Various cities have attempted to ban this sort of music from being played during festivals. Last year, for instance, the Vadodara police installed their own music systems in certain communally-sensitive parts to play police-approved devotional music during Ganpati Visarjan.
“We aren’t mixing these songs because we want to,” says Jainendra Kumar. “There is a demand for it. People want to listen to it.” Kumar, who goes by the moniker DJ JK Jhansi, is one of several DJs in Jhansi in Uttar Pradesh. He is in his 20s and is a part of a group of around four DJs who create these tracks. “When you live in small towns and cities, you have to understand, it is not as if you get a lot of different types of work (for DJs). You make tracks that people will want to hear.”

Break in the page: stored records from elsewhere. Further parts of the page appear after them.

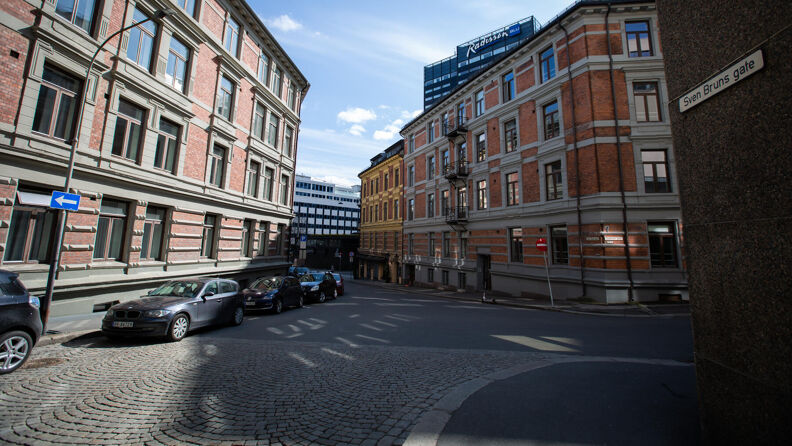 Sven Bruns gate. Brosteinsgate med mursteinsgårder og Radisson blu-hotellet i bakgrunnen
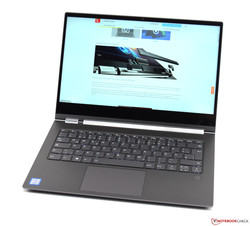 En test : le Lenovo Yoga C930-13IKB. Modèle de test aimablement fourni par campuspoint.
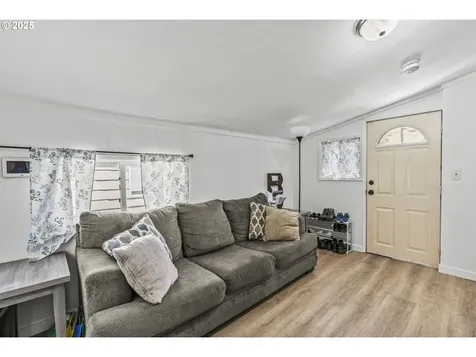 288 18th Avenue Longview WA 98632
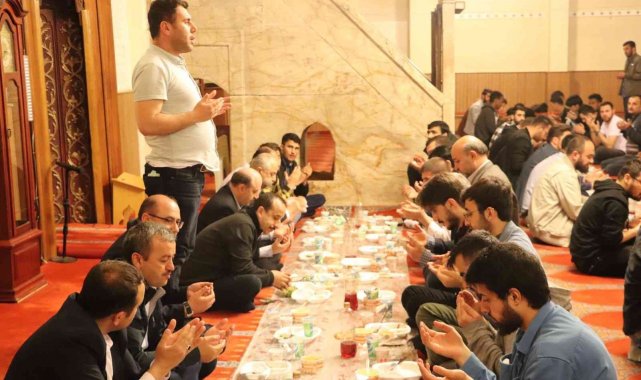 Tarihi camide iftar açtılar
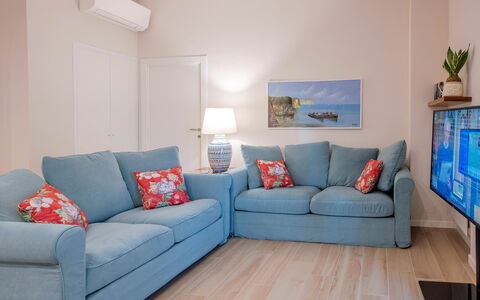 Apartment Bud: Meubilair, Bankstel, Interieur Ontwerp, Flooring, Verdieping, Kamer, Woonkamer, Appartement, Textiel, Kussen Gooien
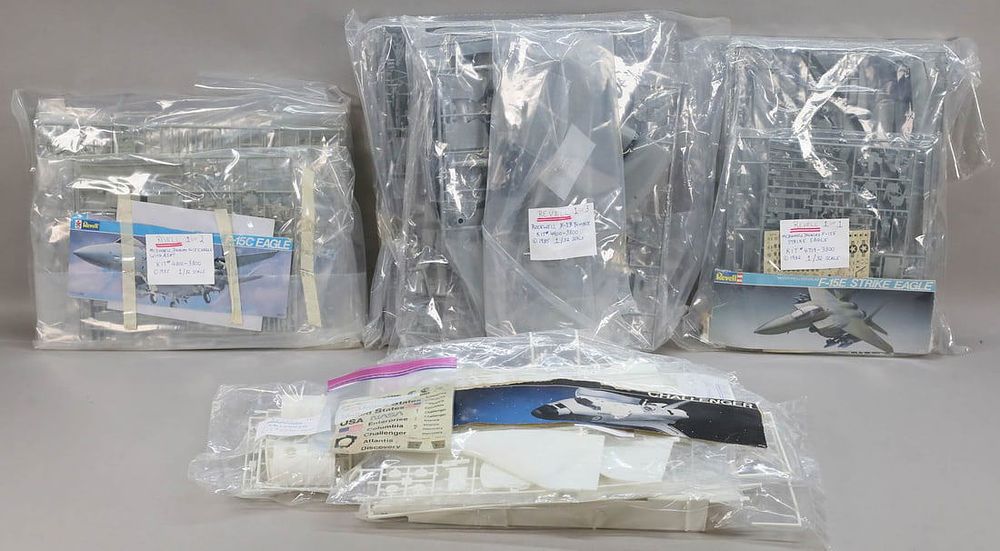 Lot 684: Lot of 4 Revell Model Airplane Kits - No Boxes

Kumar is hazy in his explanation of who exactly places the order for these tracks. His only explanation is that DJs like him are asked by various local groups to create tracks.
“All I do is find the speeches and film dialogues and play it over a track,” he says. “I have no control over where it is played.”
Music traditionally has rarely featured in discussions around politics in India. This is perhaps understandable. Mainstream music in India is really film music, operating within the straitjacket of commercial considerations.
But as elections near and the country goes through its usual politically polarised moment, musicians are beginning to get involved. Music by young DJs like DJ JK Jhansi that feed into the communal frenzy lies at one end of the spectrum. At the other end are those taking place at concerts and tours. Well-known musicians from the classical music world such as TM Krishna, Bollywood personalities like Vishal Dadlani, Sonu Nigam and Abhijeet to a host of young indie musicians are all picking sides.
One such indie band, the Delhi-based six member group Ska Vengers, sing about a vast number of things, from the Naxalite movement to alleged human rights abuses in Manipur. During the 2014 General Election, they tweaked the popular ska tune, A Message to You, Rudy by the British band The Specials by bringing out their own version, Modi, A Message to You.
“Songs are often capable of saying things in ways that the spoken word can’t,” says Rahul Ram. In his mid-50s now, Ram is a member of Indian Ocean, the band widely recognised as pioneers of fusion rock in India. Five years ago, around the last General Election, Ram became part of another, arguably far more unique band. He teamed up with a lyricist and writer (Varun Grover) and a stand-up comedian (Sanjay Rajoura) to form Aisi Taisi Democracy. In this act, the trio use music and humour to hold forth on a range of political issues. There are songs on TV news coverage of the recent India- Pakistan skirmish, demonetisation and ‘Babri’ dolls.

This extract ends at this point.